◆ **DESCRIPTION OF THE TASK**
Copy, exactly as written, the lines that begin at the one containing "vidaXL Conjunto de" and end at the one containing "Shein Yellow Lemons". Skip any pictures in the data below.
BEGIN RECORDS SHOWN
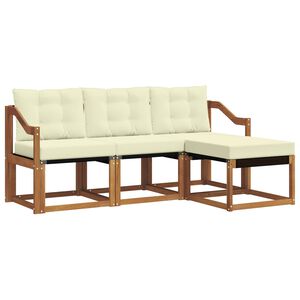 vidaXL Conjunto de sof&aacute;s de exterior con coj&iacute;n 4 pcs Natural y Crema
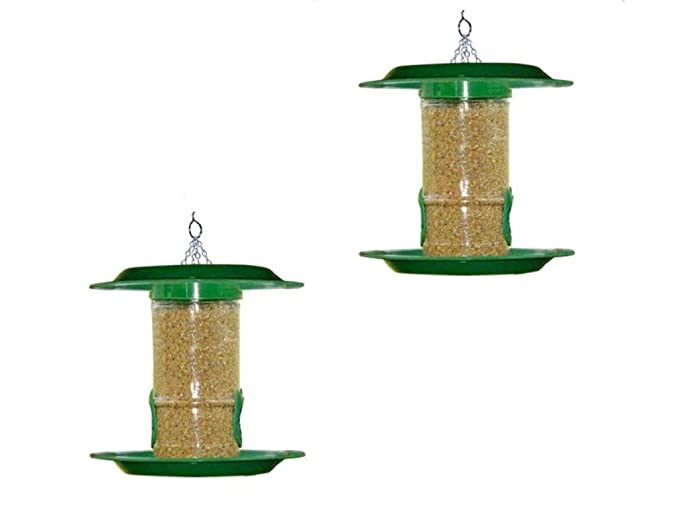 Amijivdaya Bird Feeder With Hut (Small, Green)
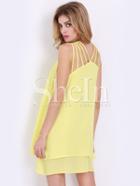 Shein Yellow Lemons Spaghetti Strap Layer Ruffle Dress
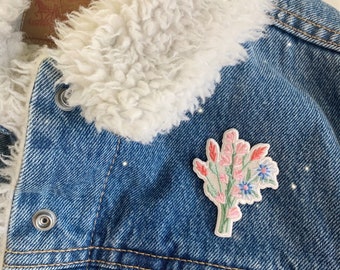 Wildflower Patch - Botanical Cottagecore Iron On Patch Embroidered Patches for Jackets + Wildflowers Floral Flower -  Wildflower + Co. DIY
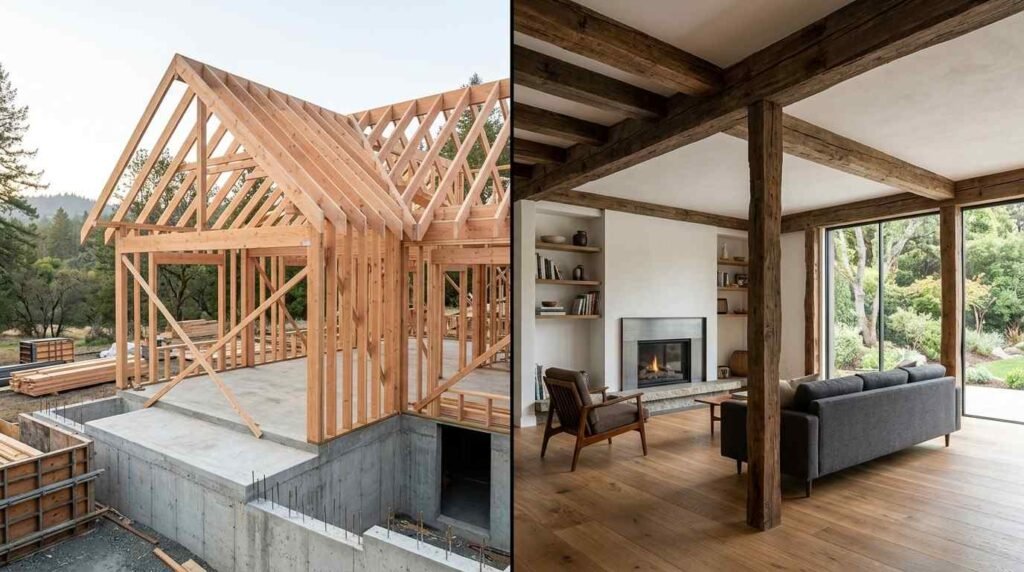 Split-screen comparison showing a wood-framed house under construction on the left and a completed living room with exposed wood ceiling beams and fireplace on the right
END RECORDS SHOWN
BEGIN RECORDS SHOWN
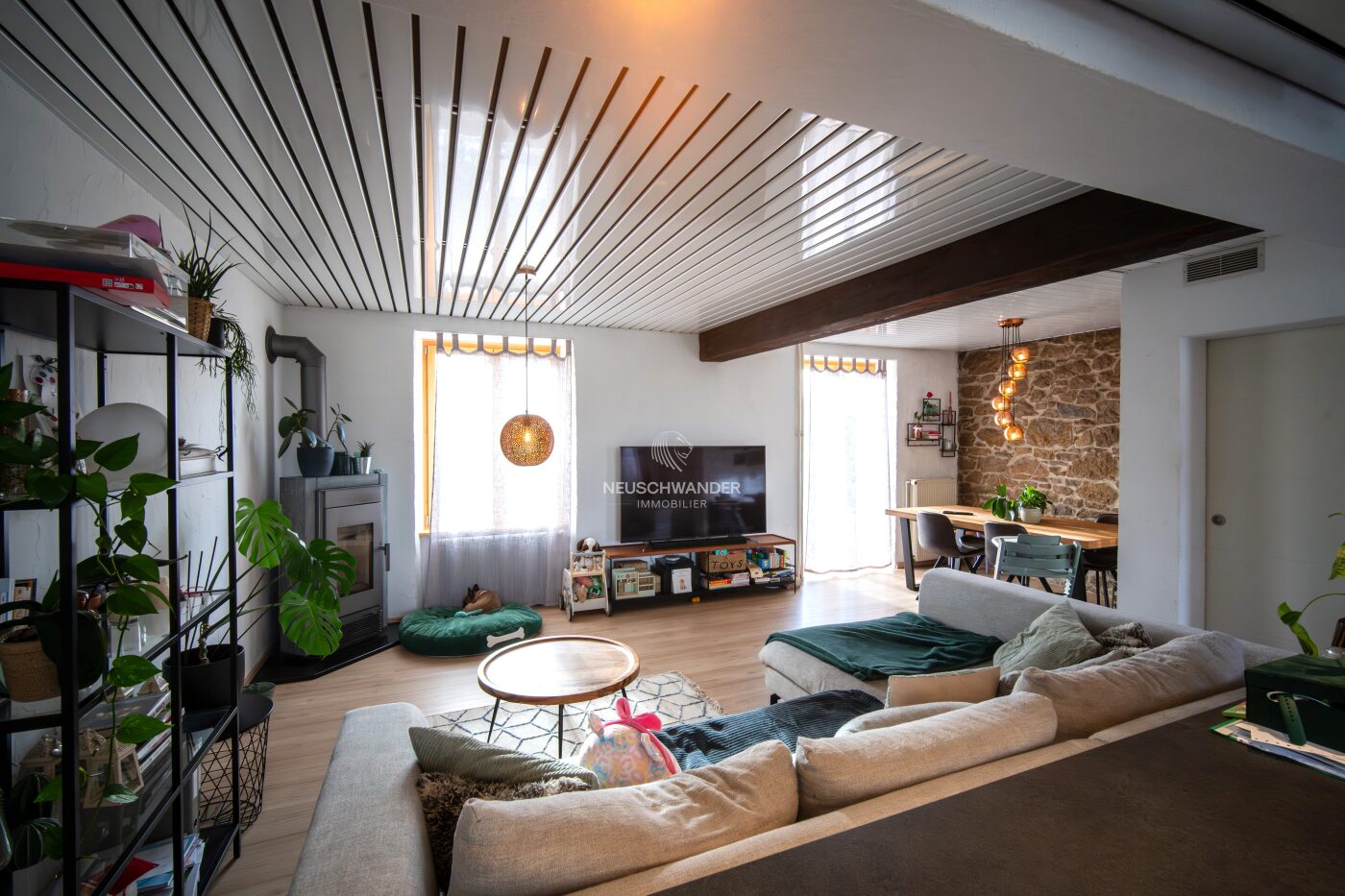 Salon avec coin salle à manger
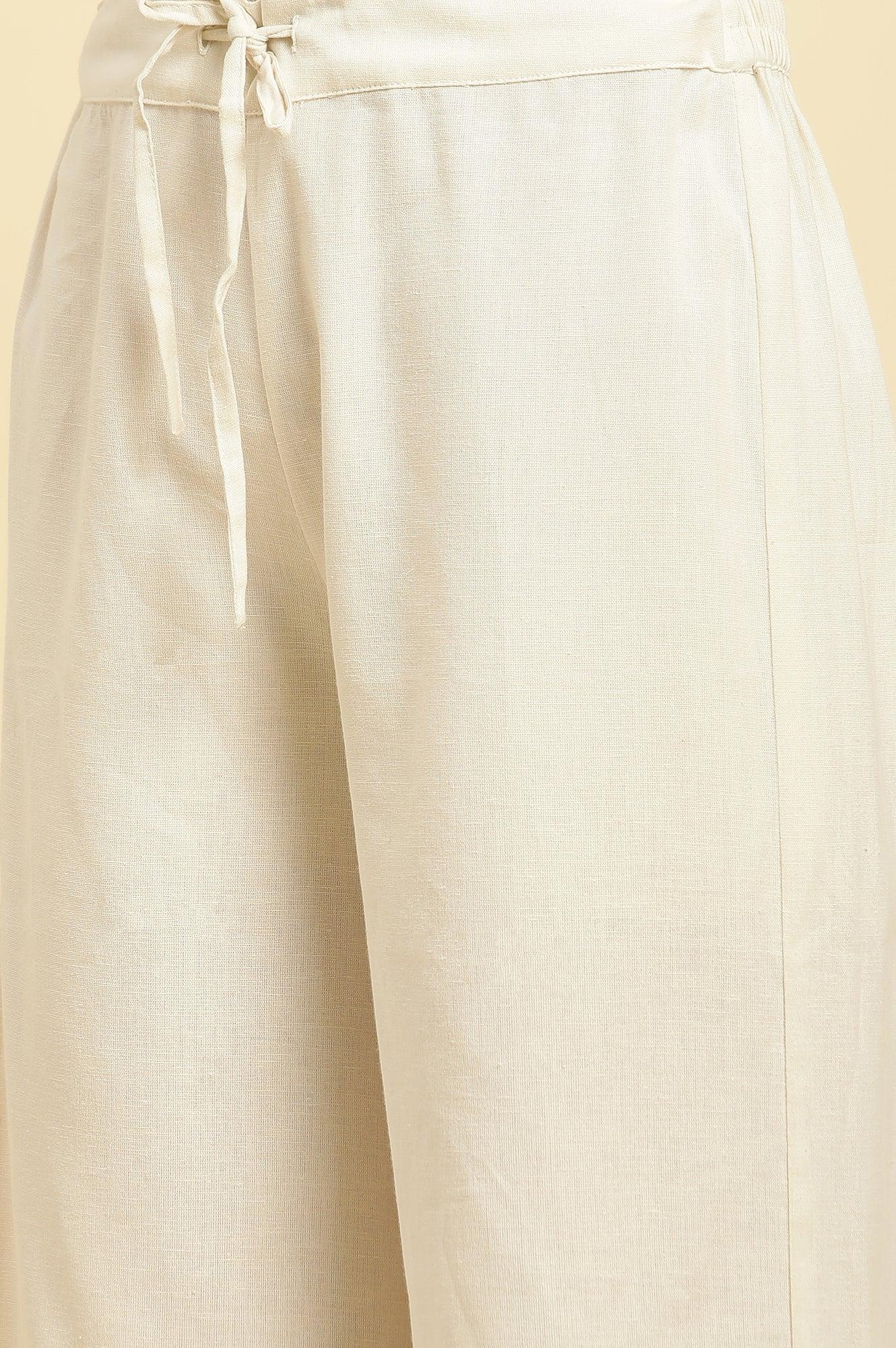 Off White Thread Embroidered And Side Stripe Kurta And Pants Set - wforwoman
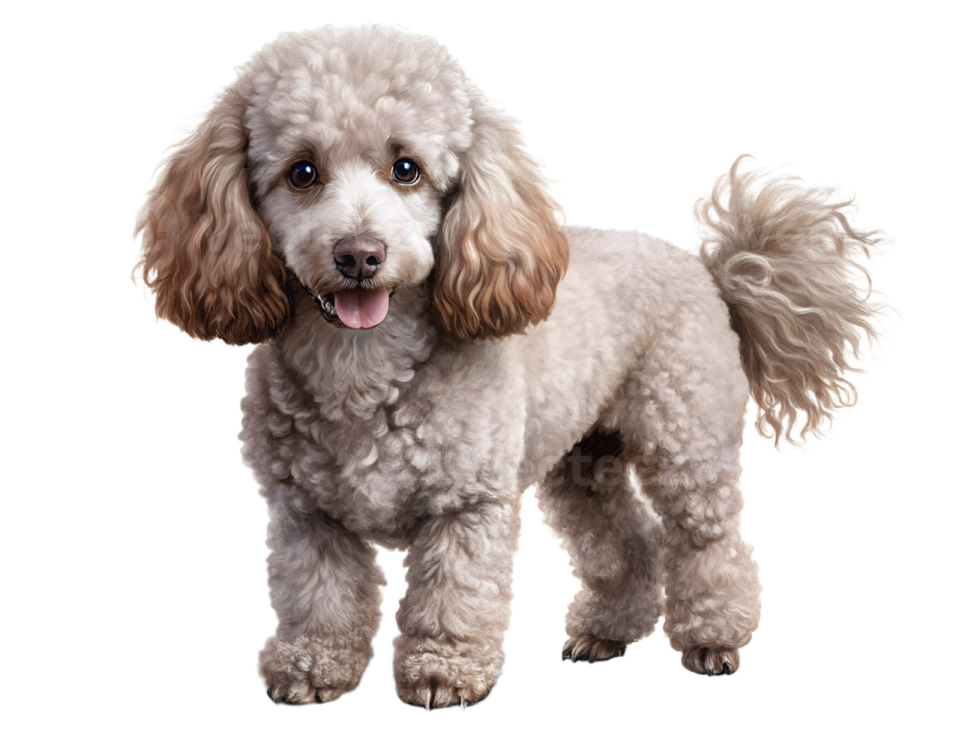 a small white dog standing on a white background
END RECORDS SHOWN
BEGIN RECORDS SHOWN
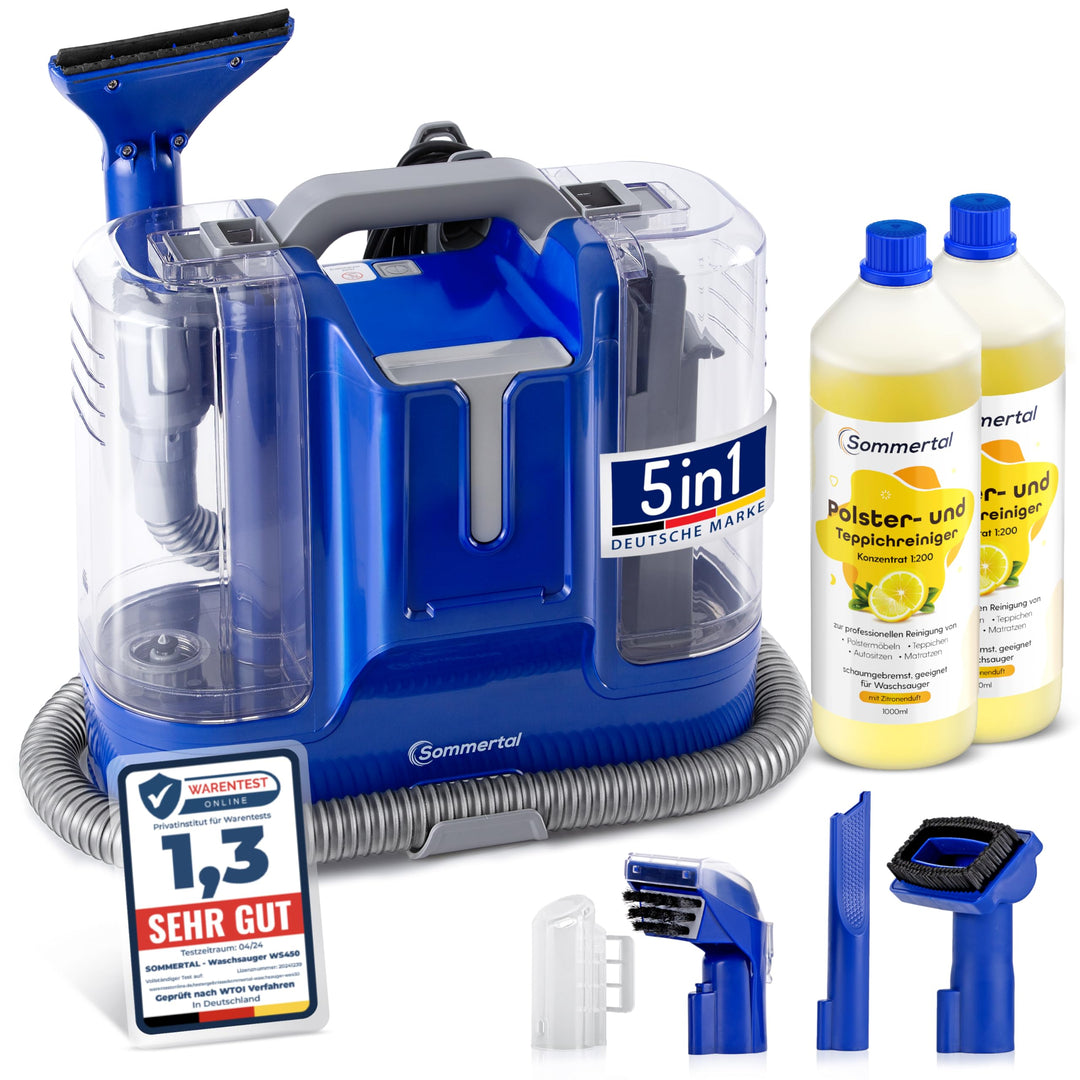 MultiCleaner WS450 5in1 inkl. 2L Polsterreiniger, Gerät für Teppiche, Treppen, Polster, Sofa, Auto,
END RECORDS SHOWN
◆ **SOLUTION TO THIS EXERCISE**
 vidaXL Conjunto de sof&aacute;s de exterior con coj&iacute;n 4 pcs Natural y Crema
 Amijivdaya Bird Feeder With Hut (Small, Green)
 Shein Yellow Lemons Spaghetti Strap Layer Ruffle Dress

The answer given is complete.